Content starts

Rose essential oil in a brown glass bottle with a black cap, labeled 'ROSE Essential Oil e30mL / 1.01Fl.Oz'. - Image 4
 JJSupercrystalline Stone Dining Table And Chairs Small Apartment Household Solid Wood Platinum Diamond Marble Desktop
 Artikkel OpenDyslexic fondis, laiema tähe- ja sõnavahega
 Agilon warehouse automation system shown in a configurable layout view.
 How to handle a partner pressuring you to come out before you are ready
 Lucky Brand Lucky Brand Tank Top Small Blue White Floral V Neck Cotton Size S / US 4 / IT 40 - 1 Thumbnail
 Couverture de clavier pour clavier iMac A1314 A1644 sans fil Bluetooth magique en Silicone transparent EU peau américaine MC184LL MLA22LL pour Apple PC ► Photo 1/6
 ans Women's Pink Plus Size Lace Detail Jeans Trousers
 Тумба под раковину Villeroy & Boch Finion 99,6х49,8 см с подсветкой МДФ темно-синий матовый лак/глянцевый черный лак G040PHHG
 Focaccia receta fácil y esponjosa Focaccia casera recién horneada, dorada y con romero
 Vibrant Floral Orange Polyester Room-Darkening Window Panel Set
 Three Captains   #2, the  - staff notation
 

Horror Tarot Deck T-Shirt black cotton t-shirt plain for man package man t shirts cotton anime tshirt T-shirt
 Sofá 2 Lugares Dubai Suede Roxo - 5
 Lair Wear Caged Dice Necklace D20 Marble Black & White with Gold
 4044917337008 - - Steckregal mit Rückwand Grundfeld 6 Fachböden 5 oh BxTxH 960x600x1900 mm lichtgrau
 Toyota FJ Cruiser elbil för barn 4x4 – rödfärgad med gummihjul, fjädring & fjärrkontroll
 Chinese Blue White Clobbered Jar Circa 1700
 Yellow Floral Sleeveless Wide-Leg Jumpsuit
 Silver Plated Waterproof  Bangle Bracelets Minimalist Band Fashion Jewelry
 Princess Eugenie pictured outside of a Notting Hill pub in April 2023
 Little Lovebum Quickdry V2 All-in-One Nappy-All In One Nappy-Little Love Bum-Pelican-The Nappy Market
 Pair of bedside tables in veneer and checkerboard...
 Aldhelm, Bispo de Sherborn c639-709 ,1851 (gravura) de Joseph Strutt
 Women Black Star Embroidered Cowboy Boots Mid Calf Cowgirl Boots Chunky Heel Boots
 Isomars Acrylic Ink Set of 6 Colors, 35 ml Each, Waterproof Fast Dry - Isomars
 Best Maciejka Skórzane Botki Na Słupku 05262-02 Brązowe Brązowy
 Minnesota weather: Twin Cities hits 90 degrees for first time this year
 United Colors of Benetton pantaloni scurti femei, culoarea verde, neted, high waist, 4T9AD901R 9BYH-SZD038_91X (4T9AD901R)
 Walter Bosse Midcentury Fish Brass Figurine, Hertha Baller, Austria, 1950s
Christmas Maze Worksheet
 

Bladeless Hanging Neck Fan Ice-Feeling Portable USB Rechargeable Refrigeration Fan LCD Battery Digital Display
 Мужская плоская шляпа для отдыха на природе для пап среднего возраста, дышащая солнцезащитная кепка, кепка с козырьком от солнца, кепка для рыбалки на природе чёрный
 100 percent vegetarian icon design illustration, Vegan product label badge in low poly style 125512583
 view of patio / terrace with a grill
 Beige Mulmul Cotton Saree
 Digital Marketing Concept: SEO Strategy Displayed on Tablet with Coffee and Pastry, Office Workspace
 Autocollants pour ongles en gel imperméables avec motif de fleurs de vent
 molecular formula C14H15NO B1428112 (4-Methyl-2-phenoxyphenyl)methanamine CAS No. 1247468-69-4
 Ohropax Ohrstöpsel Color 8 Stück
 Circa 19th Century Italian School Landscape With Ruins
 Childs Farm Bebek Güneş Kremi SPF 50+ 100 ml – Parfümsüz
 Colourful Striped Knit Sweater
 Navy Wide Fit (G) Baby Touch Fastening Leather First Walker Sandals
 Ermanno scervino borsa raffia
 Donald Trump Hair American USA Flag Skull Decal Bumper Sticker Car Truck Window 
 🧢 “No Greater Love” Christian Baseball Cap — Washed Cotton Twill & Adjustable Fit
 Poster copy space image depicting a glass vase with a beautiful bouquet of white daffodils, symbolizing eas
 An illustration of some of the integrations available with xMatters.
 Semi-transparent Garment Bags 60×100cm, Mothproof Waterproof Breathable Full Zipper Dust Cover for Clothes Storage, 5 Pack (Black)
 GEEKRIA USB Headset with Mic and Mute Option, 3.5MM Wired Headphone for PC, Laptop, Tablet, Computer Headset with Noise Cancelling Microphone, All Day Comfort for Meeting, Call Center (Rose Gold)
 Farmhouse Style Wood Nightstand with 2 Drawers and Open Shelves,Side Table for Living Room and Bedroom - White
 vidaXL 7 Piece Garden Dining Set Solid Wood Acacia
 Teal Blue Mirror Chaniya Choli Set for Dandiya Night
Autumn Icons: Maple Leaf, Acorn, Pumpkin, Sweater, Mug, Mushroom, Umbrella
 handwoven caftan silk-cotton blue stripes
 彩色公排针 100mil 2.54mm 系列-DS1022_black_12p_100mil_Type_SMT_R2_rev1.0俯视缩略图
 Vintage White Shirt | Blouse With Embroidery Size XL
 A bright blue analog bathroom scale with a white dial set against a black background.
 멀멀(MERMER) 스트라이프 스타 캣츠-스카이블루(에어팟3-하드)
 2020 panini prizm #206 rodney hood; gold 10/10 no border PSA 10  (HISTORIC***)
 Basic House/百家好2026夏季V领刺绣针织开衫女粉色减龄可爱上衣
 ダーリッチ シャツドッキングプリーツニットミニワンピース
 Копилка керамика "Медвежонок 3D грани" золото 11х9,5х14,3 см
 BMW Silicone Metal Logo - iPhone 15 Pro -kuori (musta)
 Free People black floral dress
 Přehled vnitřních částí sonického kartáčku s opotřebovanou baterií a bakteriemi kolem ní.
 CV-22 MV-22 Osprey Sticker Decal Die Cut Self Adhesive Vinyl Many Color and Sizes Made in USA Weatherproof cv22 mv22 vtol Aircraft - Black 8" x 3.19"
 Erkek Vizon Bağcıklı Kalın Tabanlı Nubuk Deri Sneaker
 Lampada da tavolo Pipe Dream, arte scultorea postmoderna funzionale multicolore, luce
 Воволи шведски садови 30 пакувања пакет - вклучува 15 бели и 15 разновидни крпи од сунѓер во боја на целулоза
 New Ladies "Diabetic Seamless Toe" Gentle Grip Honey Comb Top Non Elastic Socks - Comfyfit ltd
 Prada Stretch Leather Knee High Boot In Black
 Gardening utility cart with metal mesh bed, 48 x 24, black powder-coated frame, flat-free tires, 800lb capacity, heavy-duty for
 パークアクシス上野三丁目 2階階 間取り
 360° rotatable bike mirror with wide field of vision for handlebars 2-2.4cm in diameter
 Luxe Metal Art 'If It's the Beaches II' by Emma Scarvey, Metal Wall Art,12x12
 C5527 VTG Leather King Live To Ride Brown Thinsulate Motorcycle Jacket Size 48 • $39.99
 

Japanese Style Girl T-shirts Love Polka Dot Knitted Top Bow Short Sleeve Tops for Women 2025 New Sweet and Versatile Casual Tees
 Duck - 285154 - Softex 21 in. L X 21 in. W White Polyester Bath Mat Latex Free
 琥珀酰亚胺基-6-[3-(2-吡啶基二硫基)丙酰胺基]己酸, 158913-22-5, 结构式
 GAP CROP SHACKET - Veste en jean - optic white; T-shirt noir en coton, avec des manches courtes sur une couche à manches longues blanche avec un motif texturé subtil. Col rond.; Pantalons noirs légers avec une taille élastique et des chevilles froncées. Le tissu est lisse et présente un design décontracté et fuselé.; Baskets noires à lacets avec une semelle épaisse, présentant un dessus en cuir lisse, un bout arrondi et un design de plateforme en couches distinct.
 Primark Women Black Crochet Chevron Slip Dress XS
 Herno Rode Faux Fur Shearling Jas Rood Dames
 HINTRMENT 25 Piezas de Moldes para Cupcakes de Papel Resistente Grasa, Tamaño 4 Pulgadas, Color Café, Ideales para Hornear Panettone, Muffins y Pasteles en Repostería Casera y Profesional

Content ends

» **Problem statement**
In the entries above, one line contains "CV-22 MV-22 Osprey" and another contains "Luxe Metal Art". Reproduce exactly those two lines and the lines between them, nothing else.

» **Result for this task**
 CV-22 MV-22 Osprey Sticker Decal Die Cut Self Adhesive Vinyl Many Color and Sizes Made in USA Weatherproof cv22 mv22 vtol Aircraft - Black 8" x 3.19"
 Erkek Vizon Bağcıklı Kalın Tabanlı Nubuk Deri Sneaker
 Lampada da tavolo Pipe Dream, arte scultorea postmoderna funzionale multicolore, luce
 Воволи шведски садови 30 пакувања пакет - вклучува 15 бели и 15 разновидни крпи од сунѓер во боја на целулоза
 New Ladies "Diabetic Seamless Toe" Gentle Grip Honey Comb Top Non Elastic Socks - Comfyfit ltd
 Prada Stretch Leather Knee High Boot In Black
 Gardening utility cart with metal mesh bed, 48 x 24, black powder-coated frame, flat-free tires, 800lb capacity, heavy-duty for
 パークアクシス上野三丁目 2階階 間取り
 360° rotatable bike mirror with wide field of vision for handlebars 2-2.4cm in diameter
 Luxe Metal Art 'If It's the Beaches II' by Emma Scarvey, Metal Wall Art,12x12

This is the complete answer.